**GOAL OF THE EXERCISE:** This exercise asks for every line of the material that contains the word "from".
═══ DATA FOR THIS EXERCISE ═══
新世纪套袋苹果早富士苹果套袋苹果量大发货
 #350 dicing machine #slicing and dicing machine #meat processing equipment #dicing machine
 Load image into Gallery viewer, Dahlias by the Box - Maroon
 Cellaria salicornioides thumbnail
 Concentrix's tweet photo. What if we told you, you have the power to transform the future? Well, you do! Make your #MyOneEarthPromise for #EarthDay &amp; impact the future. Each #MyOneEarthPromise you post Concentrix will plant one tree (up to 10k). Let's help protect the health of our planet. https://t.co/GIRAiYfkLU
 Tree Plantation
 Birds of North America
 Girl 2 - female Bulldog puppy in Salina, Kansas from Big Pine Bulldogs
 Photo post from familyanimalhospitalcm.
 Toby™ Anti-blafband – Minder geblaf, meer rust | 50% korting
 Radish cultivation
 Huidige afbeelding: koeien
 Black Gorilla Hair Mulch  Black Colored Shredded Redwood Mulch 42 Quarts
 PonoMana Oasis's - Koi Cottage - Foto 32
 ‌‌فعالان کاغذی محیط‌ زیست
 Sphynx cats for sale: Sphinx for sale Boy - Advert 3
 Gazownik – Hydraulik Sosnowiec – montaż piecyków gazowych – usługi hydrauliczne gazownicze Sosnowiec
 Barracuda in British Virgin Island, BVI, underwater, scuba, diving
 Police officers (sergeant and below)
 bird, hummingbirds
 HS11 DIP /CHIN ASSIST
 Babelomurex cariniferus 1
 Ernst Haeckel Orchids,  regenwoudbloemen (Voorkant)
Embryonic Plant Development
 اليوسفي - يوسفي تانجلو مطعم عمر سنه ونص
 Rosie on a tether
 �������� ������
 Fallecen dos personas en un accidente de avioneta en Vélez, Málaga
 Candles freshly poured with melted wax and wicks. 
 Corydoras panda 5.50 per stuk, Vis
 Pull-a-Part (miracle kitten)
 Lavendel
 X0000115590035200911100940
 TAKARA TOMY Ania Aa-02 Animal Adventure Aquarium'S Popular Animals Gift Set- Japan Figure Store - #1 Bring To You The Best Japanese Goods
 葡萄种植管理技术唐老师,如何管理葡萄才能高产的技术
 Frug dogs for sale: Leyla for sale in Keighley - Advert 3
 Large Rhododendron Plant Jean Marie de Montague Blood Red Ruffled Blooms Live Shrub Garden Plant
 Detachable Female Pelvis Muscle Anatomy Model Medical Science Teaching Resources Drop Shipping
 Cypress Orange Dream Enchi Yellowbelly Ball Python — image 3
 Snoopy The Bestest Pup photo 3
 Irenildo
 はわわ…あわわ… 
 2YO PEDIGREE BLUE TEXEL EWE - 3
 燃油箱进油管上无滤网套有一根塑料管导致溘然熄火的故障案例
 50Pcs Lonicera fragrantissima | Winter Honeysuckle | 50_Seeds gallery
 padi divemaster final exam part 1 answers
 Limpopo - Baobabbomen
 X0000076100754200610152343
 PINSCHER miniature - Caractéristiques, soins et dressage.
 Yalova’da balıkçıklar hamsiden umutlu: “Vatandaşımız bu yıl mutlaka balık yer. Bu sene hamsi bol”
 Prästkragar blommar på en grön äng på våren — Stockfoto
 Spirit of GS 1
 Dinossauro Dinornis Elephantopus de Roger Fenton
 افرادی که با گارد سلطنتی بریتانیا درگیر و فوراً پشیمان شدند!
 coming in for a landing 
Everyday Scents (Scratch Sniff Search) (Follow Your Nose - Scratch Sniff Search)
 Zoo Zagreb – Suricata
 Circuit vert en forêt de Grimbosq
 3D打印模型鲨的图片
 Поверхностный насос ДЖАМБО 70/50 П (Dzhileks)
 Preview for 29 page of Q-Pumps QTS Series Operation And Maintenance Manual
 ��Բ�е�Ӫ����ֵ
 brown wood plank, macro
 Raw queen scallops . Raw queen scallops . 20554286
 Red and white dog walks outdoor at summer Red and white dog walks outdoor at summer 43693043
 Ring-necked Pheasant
═══
**COMPLETED EXERCISE:**
 Girl 2 - female Bulldog puppy in Salina, Kansas from Big Pine Bulldogs
 Photo post from familyanimalhospitalcm.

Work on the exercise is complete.